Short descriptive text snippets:
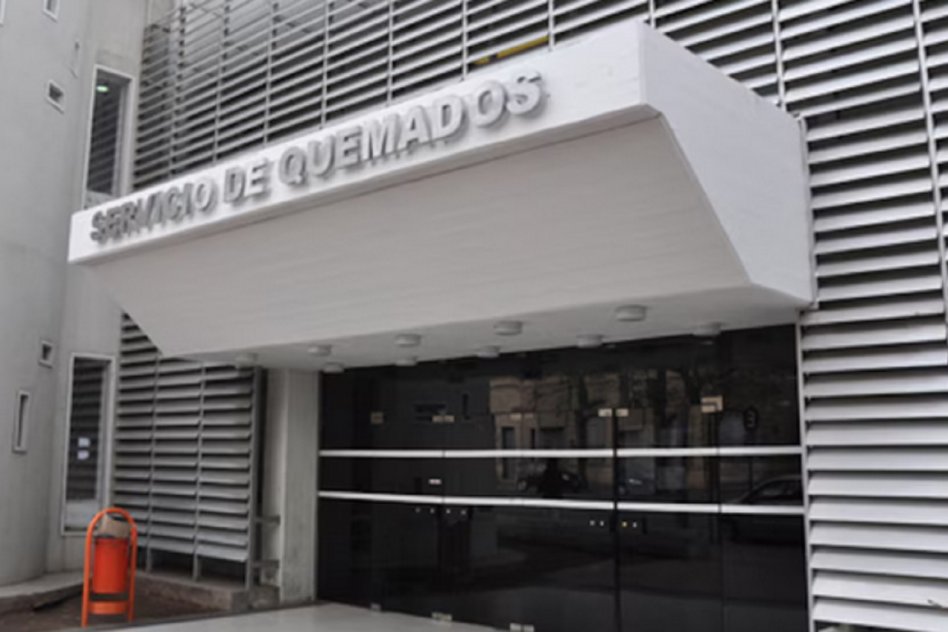 CORDOBA Un adolescente está con el 60% del cuerpo quemado luego de que su celular explotó mientras lo usaba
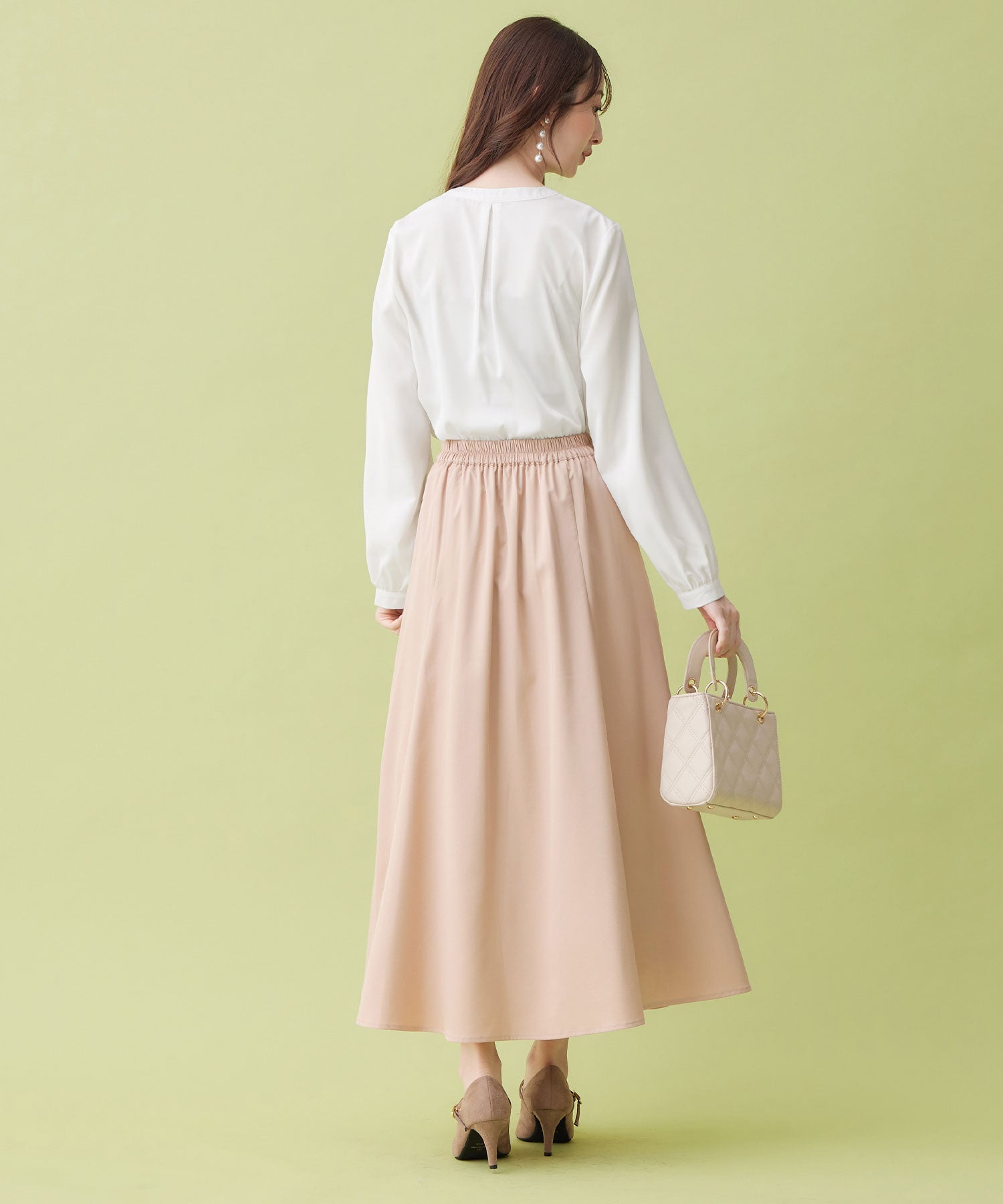 【前田希美さん着用】金ボタン付ボウタイブラウス オフホワイト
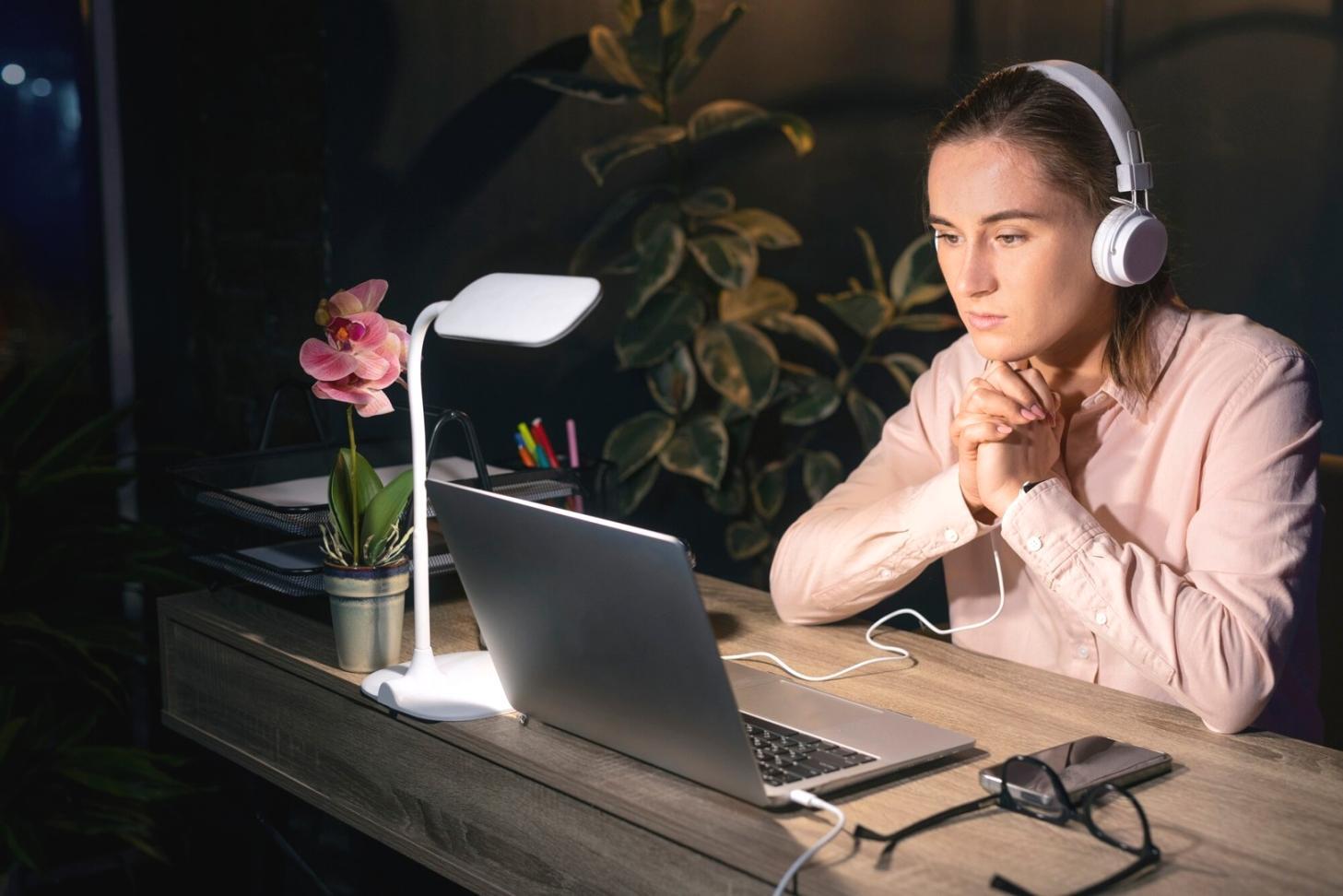 Consultation personnalisée sur l'investissement émotionnel avec analyse des profils psychologiques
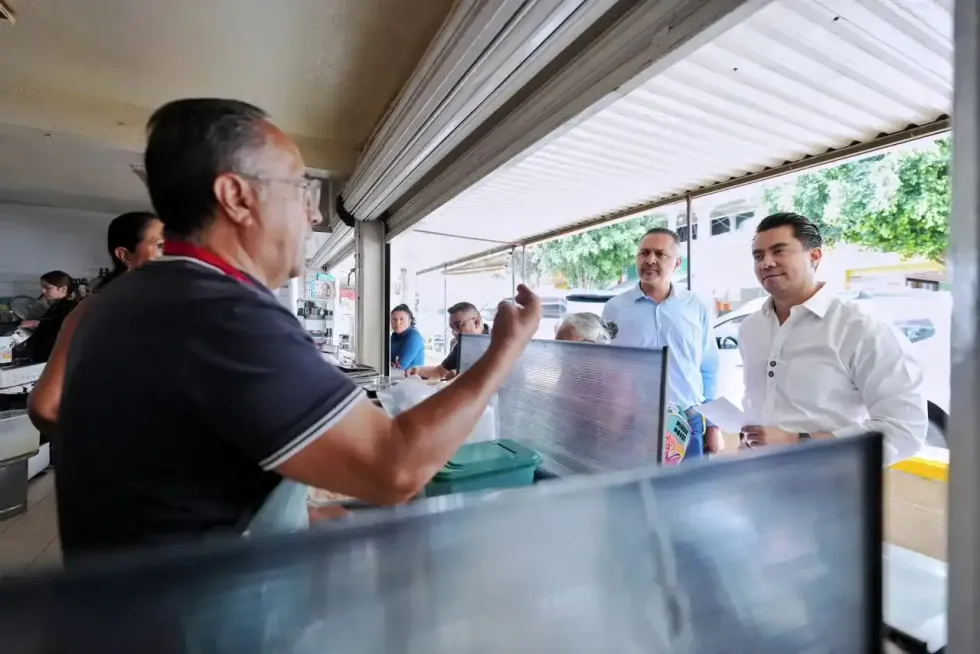 Felifer Mac\u00edas conversa con locatario del mercado sobre la rehabilitaci\u00f3n de la avenida Presidentes
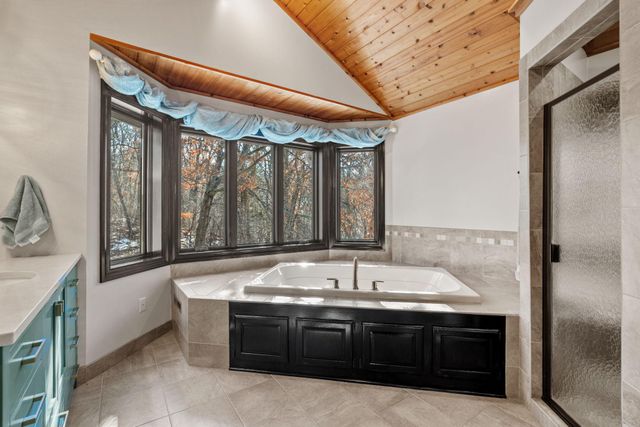 2801 Woods Trail N, Burnsville, MN 55306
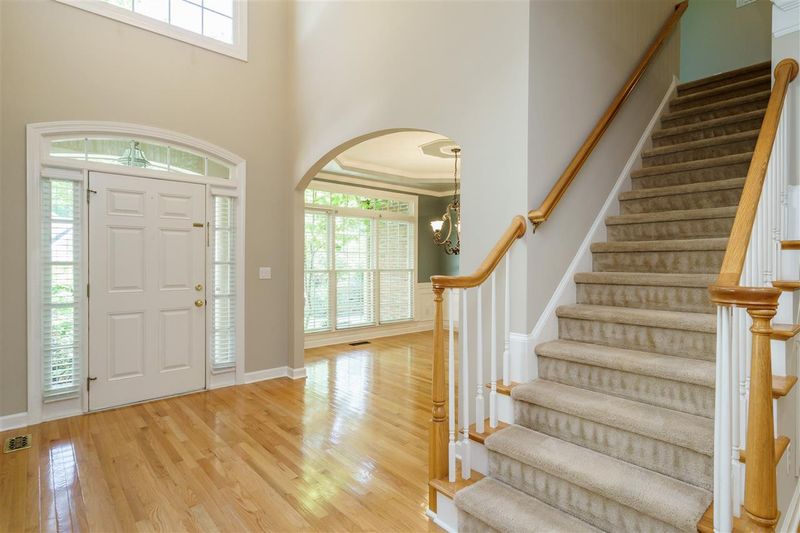 208 Hedgewood Ct, Cary, NC 27519
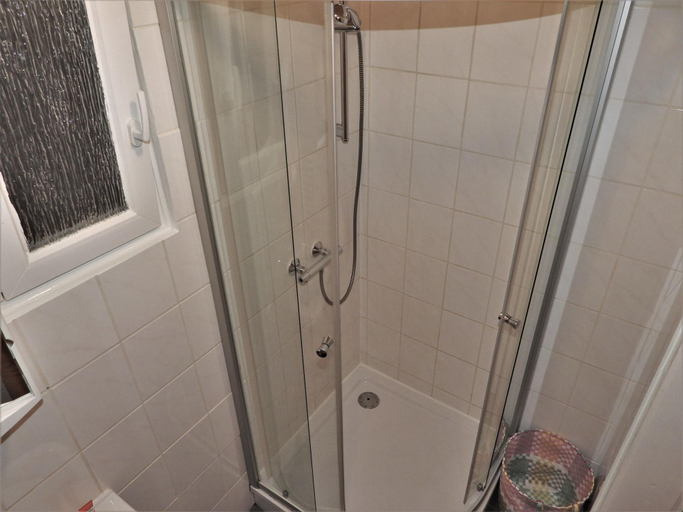 Bathroom 4, Pension Winnemuller, Cochem-Zell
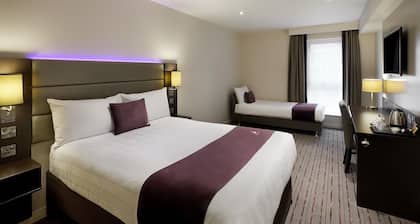 Premier Inn Manchester Trafford Centre Nth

Your goal: Retype, exactly and only, the lines from the one containing "Consultation personnalisée sur" through the end of the entries, both ends included, and omit all pictures.

Solution to this task:
 Consultation personnalisée sur l'investissement émotionnel avec analyse des profils psychologiques
 Felifer Mac\u00edas conversa con locatario del mercado sobre la rehabilitaci\u00f3n de la avenida Presidentes
 2801 Woods Trail N, Burnsville, MN 55306
 208 Hedgewood Ct, Cary, NC 27519
 Bathroom 4, Pension Winnemuller, Cochem-Zell
 Premier Inn Manchester Trafford Centre Nth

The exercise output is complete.